A. We receive many telephone calls and emails from prospective clients each week seeking legal representation on a contingency fee basis. Most callers do not understand the economics of contingent payment. To take a contingency fee case, the law firm is agreeing to forego an hourly fee case. Therefore the contingency fee case must offer the possibility of compensation in excess of the normal hourly rate, unless there are other compelling circumstances. Cases typically take one to four years to resolve. The cost to the law firm taking the case is often over $100,000. Before investing a significant sum in a contingency fee case, the law firm needs to be assured the defendants have the unquestioned ability to pay any judgment. For example, the perpetrators of financial fraud schemes usually do not have assets or have hidden them. Unless there is another “deep pocket” with potential liability, there is no real remedy for the wrong. TL accepts a limited number of contingency fee cases. For various reasons, we turn down over 90% of contingency fee requests.
Generally we consider all the following factors when deciding whether to take a contingency fee case. If the answer is “yes” to any of the following questions, TL will probably not take your case on a contingency fee basis unless there is a public interest or unusually compelling factor.
Is there a risk that the defendant(s) will not pay a judgment?
Are the damages likely to be less than $200,000?
Has the statute of limitations expired?
Is it a type of case that TL does not normally handle?
Q: Why does Tollefsen Law not offer free consultation?

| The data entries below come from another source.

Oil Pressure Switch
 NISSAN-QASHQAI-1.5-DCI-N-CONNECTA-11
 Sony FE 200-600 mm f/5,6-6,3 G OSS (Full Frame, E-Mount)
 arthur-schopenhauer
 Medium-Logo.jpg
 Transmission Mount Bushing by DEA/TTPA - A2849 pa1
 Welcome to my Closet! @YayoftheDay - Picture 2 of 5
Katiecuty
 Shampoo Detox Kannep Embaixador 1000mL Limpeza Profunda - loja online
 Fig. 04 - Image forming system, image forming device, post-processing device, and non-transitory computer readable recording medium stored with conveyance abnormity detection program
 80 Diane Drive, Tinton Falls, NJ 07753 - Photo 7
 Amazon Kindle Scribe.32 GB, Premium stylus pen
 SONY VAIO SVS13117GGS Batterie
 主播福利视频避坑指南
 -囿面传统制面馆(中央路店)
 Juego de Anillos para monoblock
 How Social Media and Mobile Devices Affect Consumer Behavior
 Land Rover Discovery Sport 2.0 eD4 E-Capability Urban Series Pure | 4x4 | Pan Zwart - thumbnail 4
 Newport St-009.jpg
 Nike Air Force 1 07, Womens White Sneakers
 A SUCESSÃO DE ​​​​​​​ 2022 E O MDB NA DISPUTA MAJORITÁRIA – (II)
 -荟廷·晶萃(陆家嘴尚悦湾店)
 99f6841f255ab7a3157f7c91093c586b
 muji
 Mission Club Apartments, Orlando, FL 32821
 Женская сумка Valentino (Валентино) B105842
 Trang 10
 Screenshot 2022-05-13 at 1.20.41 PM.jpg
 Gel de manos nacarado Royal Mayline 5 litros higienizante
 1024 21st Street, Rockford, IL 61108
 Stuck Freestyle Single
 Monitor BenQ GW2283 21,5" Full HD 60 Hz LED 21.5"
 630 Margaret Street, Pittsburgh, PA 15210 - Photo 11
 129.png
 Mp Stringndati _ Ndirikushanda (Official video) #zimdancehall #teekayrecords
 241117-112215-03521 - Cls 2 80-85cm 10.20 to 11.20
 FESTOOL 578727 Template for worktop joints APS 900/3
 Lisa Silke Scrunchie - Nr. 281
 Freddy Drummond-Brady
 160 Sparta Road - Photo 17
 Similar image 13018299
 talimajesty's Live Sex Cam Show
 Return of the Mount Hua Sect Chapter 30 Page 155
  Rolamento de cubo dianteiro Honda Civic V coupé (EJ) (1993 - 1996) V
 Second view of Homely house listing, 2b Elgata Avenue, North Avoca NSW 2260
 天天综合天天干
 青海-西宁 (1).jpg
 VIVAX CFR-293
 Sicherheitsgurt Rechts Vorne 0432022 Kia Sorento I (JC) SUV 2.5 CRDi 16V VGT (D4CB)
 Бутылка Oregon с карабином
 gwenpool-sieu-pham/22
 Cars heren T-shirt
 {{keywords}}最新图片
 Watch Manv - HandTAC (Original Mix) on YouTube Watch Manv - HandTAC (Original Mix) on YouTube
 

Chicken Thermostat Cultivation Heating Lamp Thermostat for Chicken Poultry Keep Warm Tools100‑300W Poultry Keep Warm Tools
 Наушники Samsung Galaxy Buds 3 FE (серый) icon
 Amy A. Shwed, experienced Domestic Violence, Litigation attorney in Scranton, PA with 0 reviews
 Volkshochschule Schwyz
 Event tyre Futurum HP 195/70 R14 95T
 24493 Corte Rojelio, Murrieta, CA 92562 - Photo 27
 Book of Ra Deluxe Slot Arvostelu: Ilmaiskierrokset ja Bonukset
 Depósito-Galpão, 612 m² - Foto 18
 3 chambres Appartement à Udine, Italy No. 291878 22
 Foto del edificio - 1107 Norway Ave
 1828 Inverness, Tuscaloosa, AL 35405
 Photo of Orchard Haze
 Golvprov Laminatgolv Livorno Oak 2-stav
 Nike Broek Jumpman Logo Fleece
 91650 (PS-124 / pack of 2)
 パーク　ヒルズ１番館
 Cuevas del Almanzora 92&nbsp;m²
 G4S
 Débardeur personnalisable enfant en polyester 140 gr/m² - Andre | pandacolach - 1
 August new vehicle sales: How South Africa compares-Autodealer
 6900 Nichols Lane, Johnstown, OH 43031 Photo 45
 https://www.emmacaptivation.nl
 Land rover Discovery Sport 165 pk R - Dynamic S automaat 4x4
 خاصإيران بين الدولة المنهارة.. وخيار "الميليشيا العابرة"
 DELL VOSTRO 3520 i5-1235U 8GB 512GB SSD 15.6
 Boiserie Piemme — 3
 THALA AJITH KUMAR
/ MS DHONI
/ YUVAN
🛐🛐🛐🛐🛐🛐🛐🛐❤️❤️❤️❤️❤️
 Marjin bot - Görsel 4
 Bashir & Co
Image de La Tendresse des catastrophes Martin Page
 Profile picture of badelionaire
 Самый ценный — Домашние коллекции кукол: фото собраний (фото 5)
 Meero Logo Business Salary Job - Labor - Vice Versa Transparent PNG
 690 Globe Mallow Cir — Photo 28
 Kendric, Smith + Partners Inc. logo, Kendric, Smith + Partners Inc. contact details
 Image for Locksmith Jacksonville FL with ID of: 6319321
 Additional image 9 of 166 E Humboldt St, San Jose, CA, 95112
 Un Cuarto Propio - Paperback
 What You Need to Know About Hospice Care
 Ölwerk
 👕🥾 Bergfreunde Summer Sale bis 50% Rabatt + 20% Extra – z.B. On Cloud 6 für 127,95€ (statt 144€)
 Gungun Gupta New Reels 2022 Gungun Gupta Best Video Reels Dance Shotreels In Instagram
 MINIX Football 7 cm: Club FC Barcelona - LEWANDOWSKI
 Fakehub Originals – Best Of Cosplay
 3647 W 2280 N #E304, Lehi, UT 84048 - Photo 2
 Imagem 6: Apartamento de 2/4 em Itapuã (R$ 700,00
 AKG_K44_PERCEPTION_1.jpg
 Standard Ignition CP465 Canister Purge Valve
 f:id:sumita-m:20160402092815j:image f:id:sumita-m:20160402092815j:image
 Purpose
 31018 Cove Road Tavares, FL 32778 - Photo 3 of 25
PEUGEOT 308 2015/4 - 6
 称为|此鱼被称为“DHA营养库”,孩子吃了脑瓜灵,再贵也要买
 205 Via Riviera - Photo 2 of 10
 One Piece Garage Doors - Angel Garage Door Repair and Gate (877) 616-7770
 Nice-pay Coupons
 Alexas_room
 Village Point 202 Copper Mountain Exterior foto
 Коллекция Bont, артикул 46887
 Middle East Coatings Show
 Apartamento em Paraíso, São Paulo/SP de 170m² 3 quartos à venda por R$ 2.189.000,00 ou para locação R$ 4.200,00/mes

A. Prospective new clients often request free initial consultations. If we agreed, we would need a full-time attorney just to take initial consultations. Also, because of the experience level of our attorneys, many clients would receive the answer they are seeking in the initial meeting. This is unfair to our attorneys who have engaged in a lifetime of study of law to make their living. Even if we resolved the case in the initial consultation, we would need to establish a new client file, perform conflict checks, and make records of the facts of the case and the advice given.